• _What you will do_
Only the lines from the one containing "ee7b136ef5aecc6db29caff52b1cd2" to the end of the records belong in the output; print them exactly.

Brief descriptive captions:

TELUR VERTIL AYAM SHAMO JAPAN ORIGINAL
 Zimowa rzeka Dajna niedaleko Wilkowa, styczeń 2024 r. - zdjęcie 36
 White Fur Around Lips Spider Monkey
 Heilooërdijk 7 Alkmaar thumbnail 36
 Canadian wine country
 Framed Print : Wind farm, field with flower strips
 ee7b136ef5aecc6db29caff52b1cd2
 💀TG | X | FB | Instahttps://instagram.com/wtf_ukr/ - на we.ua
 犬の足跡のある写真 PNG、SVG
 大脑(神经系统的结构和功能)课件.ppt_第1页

• _Written response_
 ee7b136ef5aecc6db29caff52b1cd2
 💀TG | X | FB | Instahttps://instagram.com/wtf_ukr/ - на we.ua
 犬の足跡のある写真 PNG、SVG
 大脑(神经系统的结构和功能)课件.ppt_第1页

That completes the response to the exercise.